Exercise objective — Could you transcribe the material below exactly, without leaving out a single line?

Given records —
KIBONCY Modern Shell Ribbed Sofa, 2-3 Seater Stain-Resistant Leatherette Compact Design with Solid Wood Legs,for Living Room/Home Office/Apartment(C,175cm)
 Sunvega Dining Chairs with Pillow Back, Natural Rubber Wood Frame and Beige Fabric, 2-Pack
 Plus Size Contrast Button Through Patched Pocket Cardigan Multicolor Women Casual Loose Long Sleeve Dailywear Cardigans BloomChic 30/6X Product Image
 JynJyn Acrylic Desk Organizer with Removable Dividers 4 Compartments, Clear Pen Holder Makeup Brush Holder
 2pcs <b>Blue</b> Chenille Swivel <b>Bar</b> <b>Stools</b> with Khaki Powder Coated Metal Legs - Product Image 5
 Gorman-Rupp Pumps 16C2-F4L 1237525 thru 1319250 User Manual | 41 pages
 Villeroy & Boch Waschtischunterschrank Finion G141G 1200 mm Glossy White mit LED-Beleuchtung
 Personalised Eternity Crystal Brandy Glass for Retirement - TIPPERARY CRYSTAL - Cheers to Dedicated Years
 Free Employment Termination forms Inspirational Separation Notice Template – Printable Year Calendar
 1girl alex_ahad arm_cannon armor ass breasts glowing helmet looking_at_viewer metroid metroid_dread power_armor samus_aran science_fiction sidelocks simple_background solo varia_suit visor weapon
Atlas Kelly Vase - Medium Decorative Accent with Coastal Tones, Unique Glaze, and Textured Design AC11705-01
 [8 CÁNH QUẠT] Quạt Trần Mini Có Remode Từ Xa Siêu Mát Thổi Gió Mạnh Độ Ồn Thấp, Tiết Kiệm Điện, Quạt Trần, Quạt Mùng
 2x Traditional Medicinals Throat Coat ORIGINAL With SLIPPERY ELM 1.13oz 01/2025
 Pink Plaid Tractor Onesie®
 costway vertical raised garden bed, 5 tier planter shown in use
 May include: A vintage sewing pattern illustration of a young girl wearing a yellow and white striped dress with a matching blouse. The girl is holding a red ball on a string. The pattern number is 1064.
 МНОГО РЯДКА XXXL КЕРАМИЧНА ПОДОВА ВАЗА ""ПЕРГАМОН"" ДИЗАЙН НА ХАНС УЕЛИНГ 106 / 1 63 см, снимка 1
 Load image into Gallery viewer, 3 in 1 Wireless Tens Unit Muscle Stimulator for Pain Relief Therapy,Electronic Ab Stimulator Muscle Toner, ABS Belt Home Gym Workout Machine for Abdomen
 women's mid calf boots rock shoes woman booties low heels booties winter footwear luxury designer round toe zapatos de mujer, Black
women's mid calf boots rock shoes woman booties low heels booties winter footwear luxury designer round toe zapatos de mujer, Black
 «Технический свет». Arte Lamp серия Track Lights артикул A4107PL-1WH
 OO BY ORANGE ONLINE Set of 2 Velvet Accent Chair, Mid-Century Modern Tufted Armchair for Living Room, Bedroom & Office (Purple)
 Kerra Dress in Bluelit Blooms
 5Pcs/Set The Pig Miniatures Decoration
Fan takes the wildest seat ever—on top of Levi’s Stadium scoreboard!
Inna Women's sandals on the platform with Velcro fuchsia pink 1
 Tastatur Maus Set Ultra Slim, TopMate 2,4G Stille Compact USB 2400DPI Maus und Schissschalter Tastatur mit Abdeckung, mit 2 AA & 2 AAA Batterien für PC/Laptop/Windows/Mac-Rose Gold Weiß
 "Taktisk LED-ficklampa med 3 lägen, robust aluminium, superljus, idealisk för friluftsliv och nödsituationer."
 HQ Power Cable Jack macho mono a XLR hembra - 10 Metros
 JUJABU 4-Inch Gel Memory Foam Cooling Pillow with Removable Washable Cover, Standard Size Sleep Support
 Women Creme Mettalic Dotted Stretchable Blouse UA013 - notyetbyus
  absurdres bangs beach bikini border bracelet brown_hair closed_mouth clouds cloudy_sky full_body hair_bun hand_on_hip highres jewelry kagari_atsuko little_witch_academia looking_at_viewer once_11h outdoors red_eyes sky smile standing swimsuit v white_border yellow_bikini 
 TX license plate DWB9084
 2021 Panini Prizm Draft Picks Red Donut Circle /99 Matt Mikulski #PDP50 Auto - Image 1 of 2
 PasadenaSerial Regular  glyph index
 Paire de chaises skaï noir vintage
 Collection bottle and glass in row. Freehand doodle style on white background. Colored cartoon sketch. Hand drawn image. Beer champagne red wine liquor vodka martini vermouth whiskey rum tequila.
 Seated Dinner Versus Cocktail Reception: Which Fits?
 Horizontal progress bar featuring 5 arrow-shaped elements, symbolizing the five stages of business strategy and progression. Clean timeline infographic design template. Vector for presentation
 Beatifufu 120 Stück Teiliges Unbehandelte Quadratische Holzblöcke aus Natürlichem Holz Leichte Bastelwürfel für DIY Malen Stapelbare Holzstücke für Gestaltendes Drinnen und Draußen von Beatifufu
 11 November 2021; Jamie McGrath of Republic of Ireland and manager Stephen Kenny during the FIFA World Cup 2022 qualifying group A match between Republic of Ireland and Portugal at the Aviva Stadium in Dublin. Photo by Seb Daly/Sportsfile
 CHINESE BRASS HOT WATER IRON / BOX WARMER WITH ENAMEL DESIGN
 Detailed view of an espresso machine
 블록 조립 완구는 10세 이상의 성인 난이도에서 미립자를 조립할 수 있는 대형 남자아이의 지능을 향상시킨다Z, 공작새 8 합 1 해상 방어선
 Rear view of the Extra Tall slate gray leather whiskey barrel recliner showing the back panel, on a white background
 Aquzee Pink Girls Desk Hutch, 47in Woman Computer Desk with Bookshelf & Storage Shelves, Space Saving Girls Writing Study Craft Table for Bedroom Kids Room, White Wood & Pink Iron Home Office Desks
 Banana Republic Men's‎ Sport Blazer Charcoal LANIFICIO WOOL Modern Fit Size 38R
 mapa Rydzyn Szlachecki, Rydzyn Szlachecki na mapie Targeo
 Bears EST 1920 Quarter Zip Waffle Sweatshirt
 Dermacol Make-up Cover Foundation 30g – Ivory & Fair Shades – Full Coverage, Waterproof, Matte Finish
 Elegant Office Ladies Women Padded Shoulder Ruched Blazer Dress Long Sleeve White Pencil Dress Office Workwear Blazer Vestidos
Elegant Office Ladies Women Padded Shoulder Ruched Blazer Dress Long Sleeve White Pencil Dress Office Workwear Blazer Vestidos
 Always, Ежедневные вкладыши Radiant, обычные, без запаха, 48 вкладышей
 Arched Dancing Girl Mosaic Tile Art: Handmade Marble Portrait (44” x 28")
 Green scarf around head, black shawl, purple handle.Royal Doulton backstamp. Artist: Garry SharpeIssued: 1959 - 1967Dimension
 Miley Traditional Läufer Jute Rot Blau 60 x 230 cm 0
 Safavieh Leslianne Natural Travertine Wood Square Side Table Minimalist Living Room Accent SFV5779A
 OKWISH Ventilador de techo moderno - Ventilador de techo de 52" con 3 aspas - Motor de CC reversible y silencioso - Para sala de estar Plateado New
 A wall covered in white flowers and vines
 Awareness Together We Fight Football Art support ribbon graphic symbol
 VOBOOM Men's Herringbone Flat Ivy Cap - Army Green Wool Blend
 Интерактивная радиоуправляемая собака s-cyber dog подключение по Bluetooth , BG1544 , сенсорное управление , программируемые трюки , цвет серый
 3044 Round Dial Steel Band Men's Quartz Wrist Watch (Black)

Your response —
KIBONCY Modern Shell Ribbed Sofa, 2-3 Seater Stain-Resistant Leatherette Compact Design with Solid Wood Legs,for Living Room/Home Office/Apartment(C,175cm)
 Sunvega Dining Chairs with Pillow Back, Natural Rubber Wood Frame and Beige Fabric, 2-Pack
 Plus Size Contrast Button Through Patched Pocket Cardigan Multicolor Women Casual Loose Long Sleeve Dailywear Cardigans BloomChic 30/6X Product Image
 JynJyn Acrylic Desk Organizer with Removable Dividers 4 Compartments, Clear Pen Holder Makeup Brush Holder
 2pcs <b>Blue</b> Chenille Swivel <b>Bar</b> <b>Stools</b> with Khaki Powder Coated Metal Legs - Product Image 5
 Gorman-Rupp Pumps 16C2-F4L 1237525 thru 1319250 User Manual | 41 pages
 Villeroy & Boch Waschtischunterschrank Finion G141G 1200 mm Glossy White mit LED-Beleuchtung
 Personalised Eternity Crystal Brandy Glass for Retirement - TIPPERARY CRYSTAL - Cheers to Dedicated Years
 Free Employment Termination forms Inspirational Separation Notice Template – Printable Year Calendar
 1girl alex_ahad arm_cannon armor ass breasts glowing helmet looking_at_viewer metroid metroid_dread power_armor samus_aran science_fiction sidelocks simple_background solo varia_suit visor weapon
Atlas Kelly Vase - Medium Decorative Accent with Coastal Tones, Unique Glaze, and Textured Design AC11705-01
 [8 CÁNH QUẠT] Quạt Trần Mini Có Remode Từ Xa Siêu Mát Thổi Gió Mạnh Độ Ồn Thấp, Tiết Kiệm Điện, Quạt Trần, Quạt Mùng
 2x Traditional Medicinals Throat Coat ORIGINAL With SLIPPERY ELM 1.13oz 01/2025
 Pink Plaid Tractor Onesie®
 costway vertical raised garden bed, 5 tier planter shown in use
 May include: A vintage sewing pattern illustration of a young girl wearing a yellow and white striped dress with a matching blouse. The girl is holding a red ball on a string. The pattern number is 1064.
 МНОГО РЯДКА XXXL КЕРАМИЧНА ПОДОВА ВАЗА ""ПЕРГАМОН"" ДИЗАЙН НА ХАНС УЕЛИНГ 106 / 1 63 см, снимка 1
 Load image into Gallery viewer, 3 in 1 Wireless Tens Unit Muscle Stimulator for Pain Relief Therapy,Electronic Ab Stimulator Muscle Toner, ABS Belt Home Gym Workout Machine for Abdomen
 women's mid calf boots rock shoes woman booties low heels booties winter footwear luxury designer round toe zapatos de mujer, Black
women's mid calf boots rock shoes woman booties low heels booties winter footwear luxury designer round toe zapatos de mujer, Black
 «Технический свет». Arte Lamp серия Track Lights артикул A4107PL-1WH
 OO BY ORANGE ONLINE Set of 2 Velvet Accent Chair, Mid-Century Modern Tufted Armchair for Living Room, Bedroom & Office (Purple)
 Kerra Dress in Bluelit Blooms
 5Pcs/Set The Pig Miniatures Decoration
Fan takes the wildest seat ever—on top of Levi’s Stadium scoreboard!
Inna Women's sandals on the platform with Velcro fuchsia pink 1
 Tastatur Maus Set Ultra Slim, TopMate 2,4G Stille Compact USB 2400DPI Maus und Schissschalter Tastatur mit Abdeckung, mit 2 AA & 2 AAA Batterien für PC/Laptop/Windows/Mac-Rose Gold Weiß
 "Taktisk LED-ficklampa med 3 lägen, robust aluminium, superljus, idealisk för friluftsliv och nödsituationer."
 HQ Power Cable Jack macho mono a XLR hembra - 10 Metros
 JUJABU 4-Inch Gel Memory Foam Cooling Pillow with Removable Washable Cover, Standard Size Sleep Support
 Women Creme Mettalic Dotted Stretchable Blouse UA013 - notyetbyus
  absurdres bangs beach bikini border bracelet brown_hair closed_mouth clouds cloudy_sky full_body hair_bun hand_on_hip highres jewelry kagari_atsuko little_witch_academia looking_at_viewer once_11h outdoors red_eyes sky smile standing swimsuit v white_border yellow_bikini 
 TX license plate DWB9084
 2021 Panini Prizm Draft Picks Red Donut Circle /99 Matt Mikulski #PDP50 Auto - Image 1 of 2
 PasadenaSerial Regular  glyph index
 Paire de chaises skaï noir vintage
 Collection bottle and glass in row. Freehand doodle style on white background. Colored cartoon sketch. Hand drawn image. Beer champagne red wine liquor vodka martini vermouth whiskey rum tequila.
 Seated Dinner Versus Cocktail Reception: Which Fits?
 Horizontal progress bar featuring 5 arrow-shaped elements, symbolizing the five stages of business strategy and progression. Clean timeline infographic design template. Vector for presentation
 Beatifufu 120 Stück Teiliges Unbehandelte Quadratische Holzblöcke aus Natürlichem Holz Leichte Bastelwürfel für DIY Malen Stapelbare Holzstücke für Gestaltendes Drinnen und Draußen von Beatifufu
 11 November 2021; Jamie McGrath of Republic of Ireland and manager Stephen Kenny during the FIFA World Cup 2022 qualifying group A match between Republic of Ireland and Portugal at the Aviva Stadium in Dublin. Photo by Seb Daly/Sportsfile
 CHINESE BRASS HOT WATER IRON / BOX WARMER WITH ENAMEL DESIGN
 Detailed view of an espresso machine
 블록 조립 완구는 10세 이상의 성인 난이도에서 미립자를 조립할 수 있는 대형 남자아이의 지능을 향상시킨다Z, 공작새 8 합 1 해상 방어선
 Rear view of the Extra Tall slate gray leather whiskey barrel recliner showing the back panel, on a white background
 Aquzee Pink Girls Desk Hutch, 47in Woman Computer Desk with Bookshelf & Storage Shelves, Space Saving Girls Writing Study Craft Table for Bedroom Kids Room, White Wood & Pink Iron Home Office Desks
 Banana Republic Men's‎ Sport Blazer Charcoal LANIFICIO WOOL Modern Fit Size 38R
 mapa Rydzyn Szlachecki, Rydzyn Szlachecki na mapie Targeo
 Bears EST 1920 Quarter Zip Waffle Sweatshirt
 Dermacol Make-up Cover Foundation 30g – Ivory & Fair Shades – Full Coverage, Waterproof, Matte Finish
 Elegant Office Ladies Women Padded Shoulder Ruched Blazer Dress Long Sleeve White Pencil Dress Office Workwear Blazer Vestidos
Elegant Office Ladies Women Padded Shoulder Ruched Blazer Dress Long Sleeve White Pencil Dress Office Workwear Blazer Vestidos
 Always, Ежедневные вкладыши Radiant, обычные, без запаха, 48 вкладышей
 Arched Dancing Girl Mosaic Tile Art: Handmade Marble Portrait (44” x 28")
 Green scarf around head, black shawl, purple handle.Royal Doulton backstamp. Artist: Garry SharpeIssued: 1959 - 1967Dimension
 Miley Traditional Läufer Jute Rot Blau 60 x 230 cm 0
 Safavieh Leslianne Natural Travertine Wood Square Side Table Minimalist Living Room Accent SFV5779A
 OKWISH Ventilador de techo moderno - Ventilador de techo de 52" con 3 aspas - Motor de CC reversible y silencioso - Para sala de estar Plateado New
 A wall covered in white flowers and vines
 Awareness Together We Fight Football Art support ribbon graphic symbol
 VOBOOM Men's Herringbone Flat Ivy Cap - Army Green Wool Blend
 Интерактивная радиоуправляемая собака s-cyber dog подключение по Bluetooth , BG1544 , сенсорное управление , программируемые трюки , цвет серый
 3044 Round Dial Steel Band Men's Quartz Wrist Watch (Black)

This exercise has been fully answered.